- _What to work on_
Print the line that contains "this 484×250 image." and every line after it through the last line of the records below, exactly as written and nothing else.

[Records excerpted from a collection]
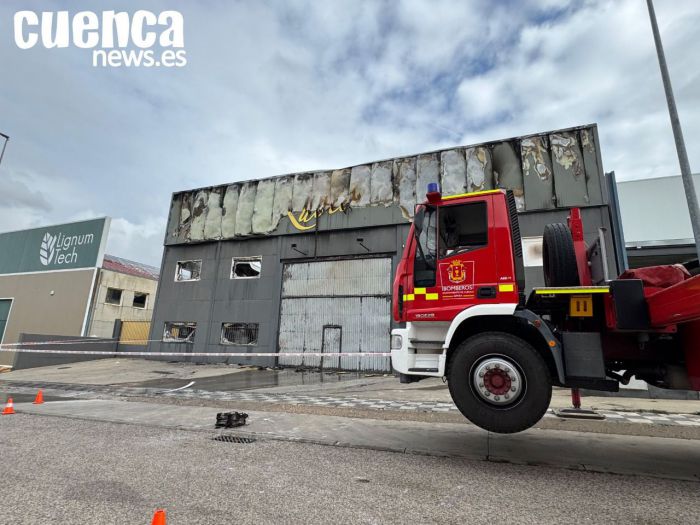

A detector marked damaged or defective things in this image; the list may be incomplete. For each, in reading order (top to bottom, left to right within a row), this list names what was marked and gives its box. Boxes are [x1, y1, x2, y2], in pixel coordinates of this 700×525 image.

broken window [175, 258, 202, 280]
broken window [231, 256, 262, 280]
broken window [104, 288, 122, 304]
broken window [132, 292, 148, 310]
broken window [162, 322, 196, 342]
broken window [220, 322, 258, 346]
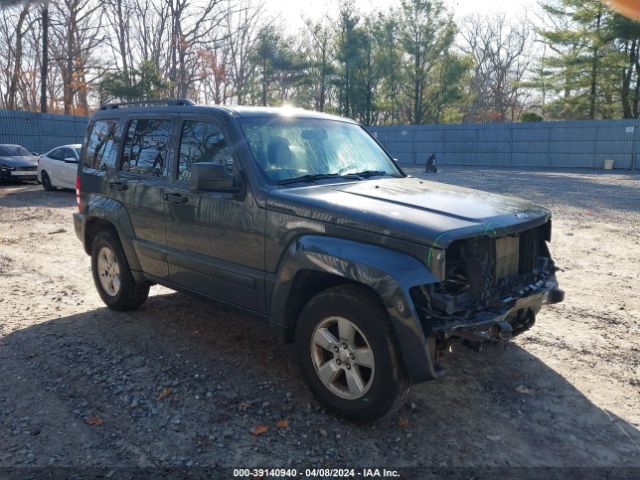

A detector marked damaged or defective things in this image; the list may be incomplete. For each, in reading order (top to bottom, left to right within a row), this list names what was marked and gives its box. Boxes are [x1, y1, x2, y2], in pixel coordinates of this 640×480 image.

crumpled hood [264, 176, 552, 248]
damaged jeep liberty [76, 100, 564, 420]
crushed front bumper [420, 278, 564, 342]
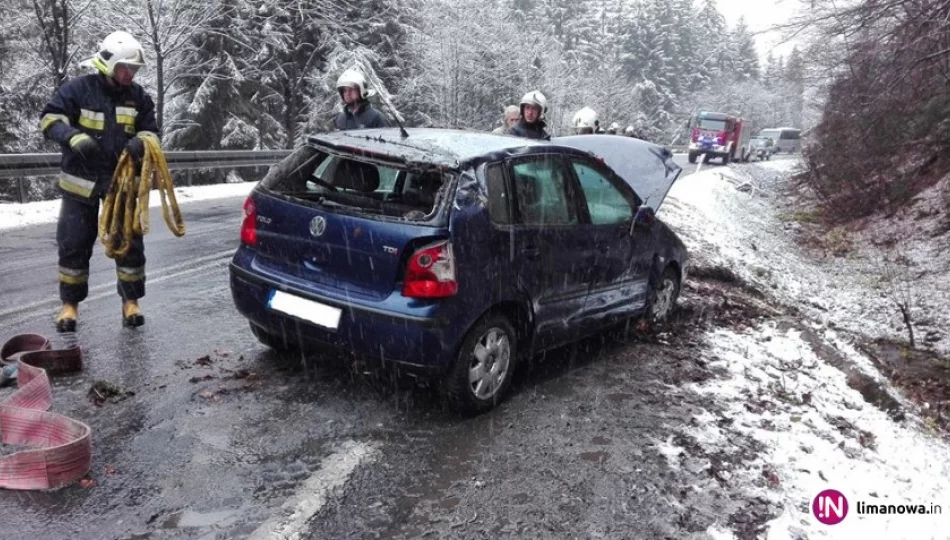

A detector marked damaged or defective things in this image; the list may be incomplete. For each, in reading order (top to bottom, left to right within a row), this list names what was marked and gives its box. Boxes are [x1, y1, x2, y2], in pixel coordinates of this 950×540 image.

broken rear windshield [260, 146, 454, 221]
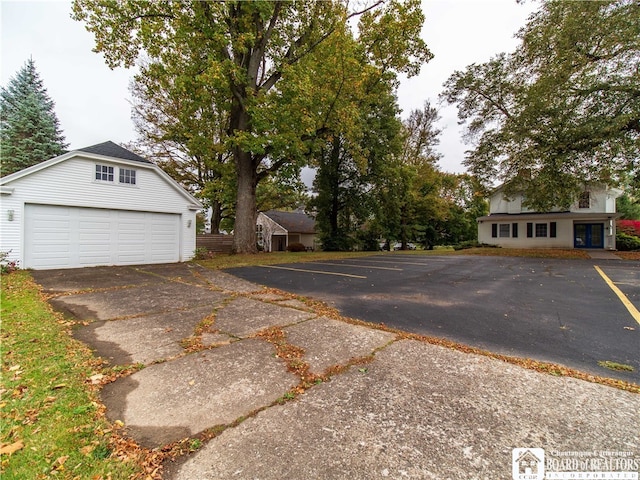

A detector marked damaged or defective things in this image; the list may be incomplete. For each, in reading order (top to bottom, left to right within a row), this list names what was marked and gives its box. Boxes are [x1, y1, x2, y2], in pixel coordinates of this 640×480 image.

cracked concrete pad [50, 284, 225, 320]
cracked concrete pad [74, 304, 220, 364]
cracked concrete pad [195, 268, 264, 294]
cracked concrete pad [215, 296, 316, 338]
cracked concrete pad [284, 318, 396, 376]
cracked concrete pad [100, 340, 300, 448]
cracked concrete pad [170, 340, 640, 478]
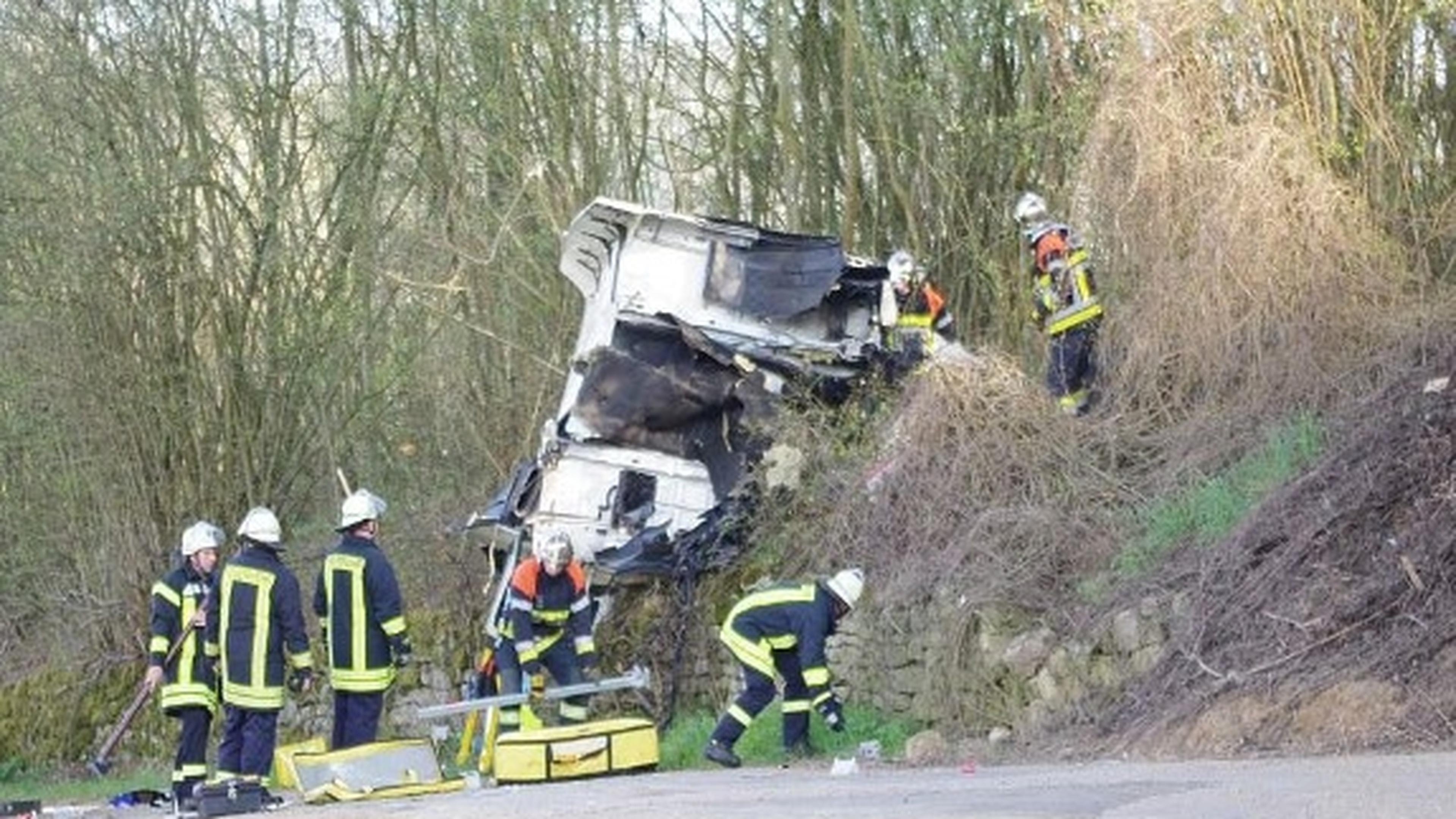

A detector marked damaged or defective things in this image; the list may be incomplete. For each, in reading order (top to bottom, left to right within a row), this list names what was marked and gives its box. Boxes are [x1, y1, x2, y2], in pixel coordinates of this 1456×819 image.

overturned truck [470, 196, 898, 585]
severely crashed truck cab [479, 200, 898, 588]
burned vehicle wreckage [473, 197, 934, 595]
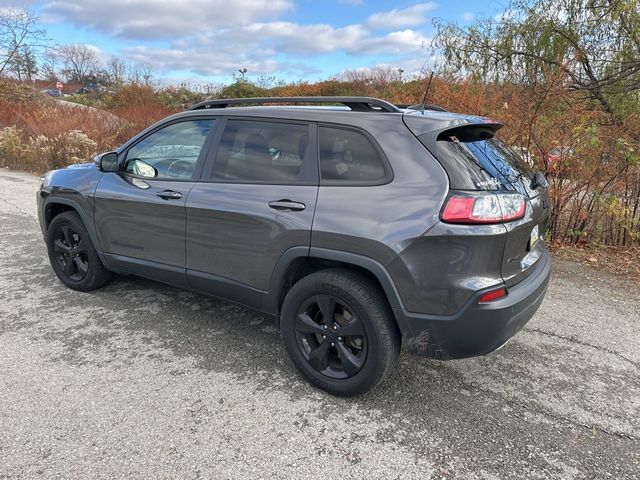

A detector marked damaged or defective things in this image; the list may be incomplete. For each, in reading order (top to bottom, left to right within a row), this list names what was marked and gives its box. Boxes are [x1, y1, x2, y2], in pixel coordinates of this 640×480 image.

cracked pavement [0, 167, 636, 478]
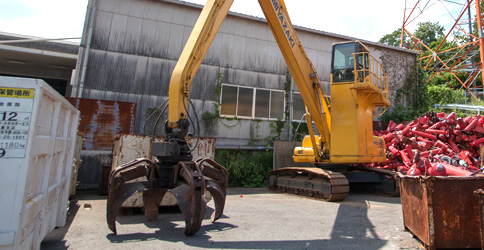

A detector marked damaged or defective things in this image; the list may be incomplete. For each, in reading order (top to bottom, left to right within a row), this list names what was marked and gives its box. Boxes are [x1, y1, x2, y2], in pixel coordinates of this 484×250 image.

rusty metal siding [67, 96, 137, 149]
rusty steel bin [398, 173, 484, 249]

- _Output of the exercise_
A detector marked damaged or defective things in this image; the list may be incomplete. For each, in reading order (top to bottom, left to right within a row), this list names what was marked and gives its box. Boxes are [x1, y1, x2, y2], in pixel coordinates of this 484×250 image.

rusty metal siding [67, 96, 137, 149]
rusty steel bin [398, 173, 484, 249]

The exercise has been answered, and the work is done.